At the Intersection of His Two Lives

San Jose Symphony's Leonid Grin brings his Russian education and love of American music to the Bowl.

August 27, 2000|JOHN HENKEN | John Henken is a frequent contributor to Calendar

In many ways, the symphony orchestra is the ultimate European art band. Not surprisingly then, most of the major orchestras in the United States are led by European conductors in European repertory. Franz Welser-Most, the recently appointed music director of the Cleveland Orchestra, suggested that one of the reasons that these transatlantic marriages are often so successful is that the American musicians deliver awesome technical power while the European conductor gives them aesthetic direction.

A significant variation on this common theme is the expatriate, the European who has moved into the community and often becomes more American than the native maestros in repertory and creative development.

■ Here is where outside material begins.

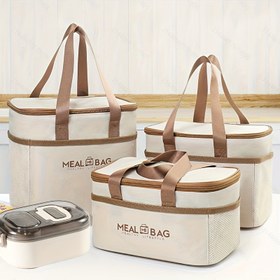 Resim 1 adet Büyük Kapasiteli Yalıtımlı Öğle Yemeği Çantası - Yeniden Kullanılabilir, Kare Polyester Termal Çanta Açık Hava Kampı, Okul, İş için - Elde Yıkanabilir, Baskısız, Gıda ile Temas Etmeyen, Yalıtımlı Öğle Yemeği Çantası, Okula Dönüş 
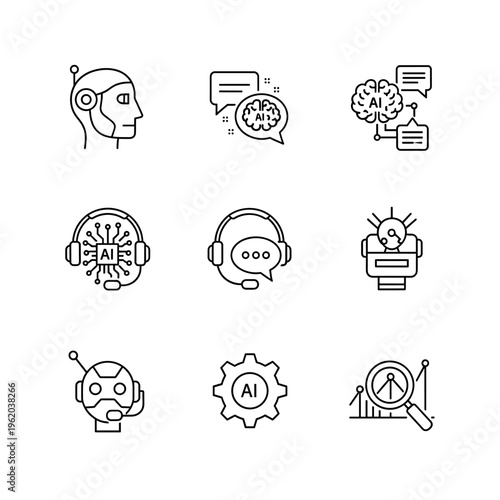 Collection of nine line art icons representing artificial intelligence and its applications in technology and communication.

Prominent among these would be Leonid Grin, the Ukrainian-born music director of the San Jose Symphony, who leads the Los Angeles Philharmonic in a characteristic mix of Russian and American music this week at the Hollywood Bowl.

"In all the years in Russia, every Monday we listened to the Voice of America on the radio," says Grin, who emigrated in 1981. "Now that I'm here, I am one of the voices of America. I don't call it 'emigration' any longer. I started a new life here, and I'm very much at home. This is my country--I'm very American, very patriotic.

"I think I have lived two lives. The first I left behind in Russia, a mixture of good and bad. The bad is everything you know about the regime, and as a Jewish man I was persecuted," Grin says.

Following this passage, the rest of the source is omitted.